*** Opening of Recorded data ***

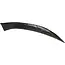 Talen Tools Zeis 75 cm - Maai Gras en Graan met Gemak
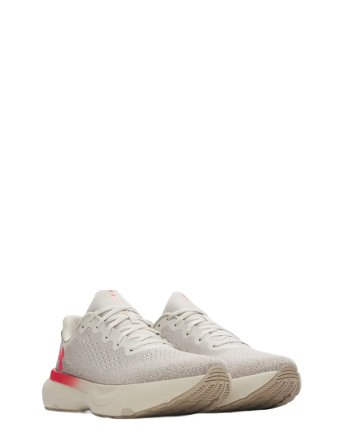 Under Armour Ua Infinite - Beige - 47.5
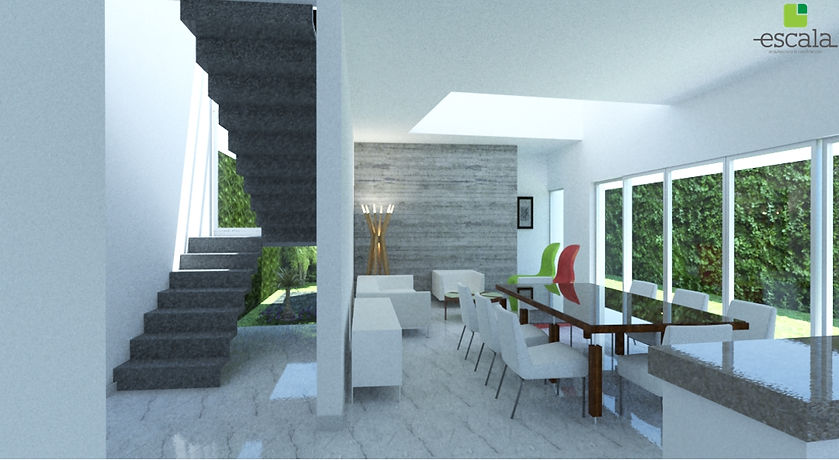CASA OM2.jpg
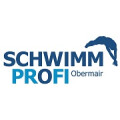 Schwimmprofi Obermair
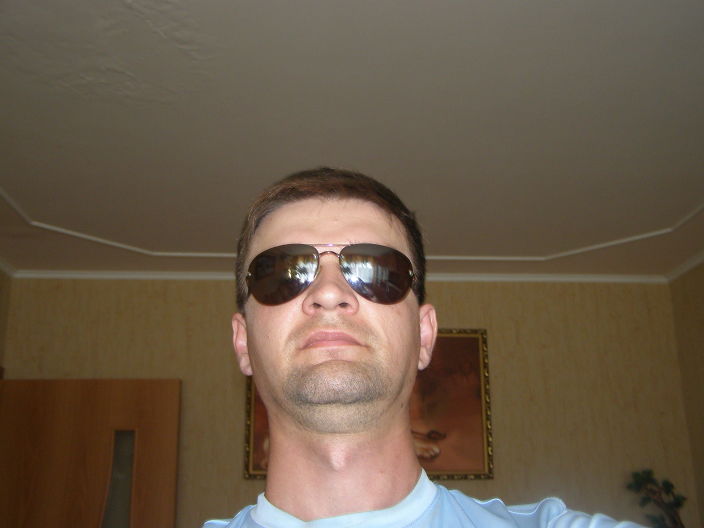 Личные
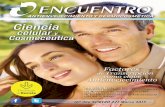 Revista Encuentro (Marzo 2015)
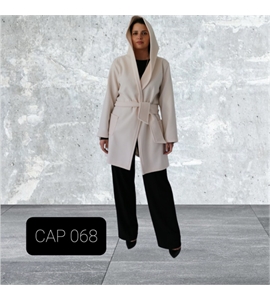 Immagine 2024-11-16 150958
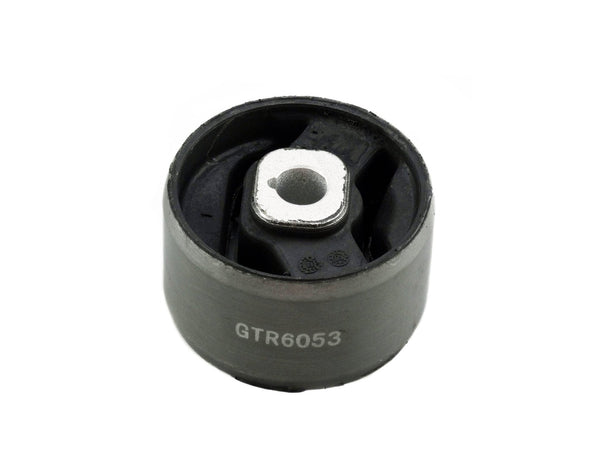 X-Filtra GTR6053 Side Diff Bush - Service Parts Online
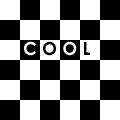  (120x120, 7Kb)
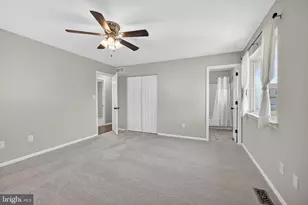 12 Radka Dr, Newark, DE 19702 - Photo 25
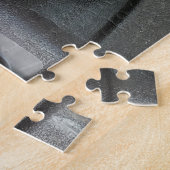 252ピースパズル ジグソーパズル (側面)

*** Close of Recorded data ***

Action item: Each record above is to be copied exactly. Drop the pictures.

Answer to this problem:
 Talen Tools Zeis 75 cm - Maai Gras en Graan met Gemak
 Under Armour Ua Infinite - Beige - 47.5
CASA OM2.jpg
 Schwimmprofi Obermair
 Личные
 Revista Encuentro (Marzo 2015)
 Immagine 2024-11-16 150958
 X-Filtra GTR6053 Side Diff Bush - Service Parts Online
  (120x120, 7Kb)
 12 Radka Dr, Newark, DE 19702 - Photo 25
 252ピースパズル ジグソーパズル (側面)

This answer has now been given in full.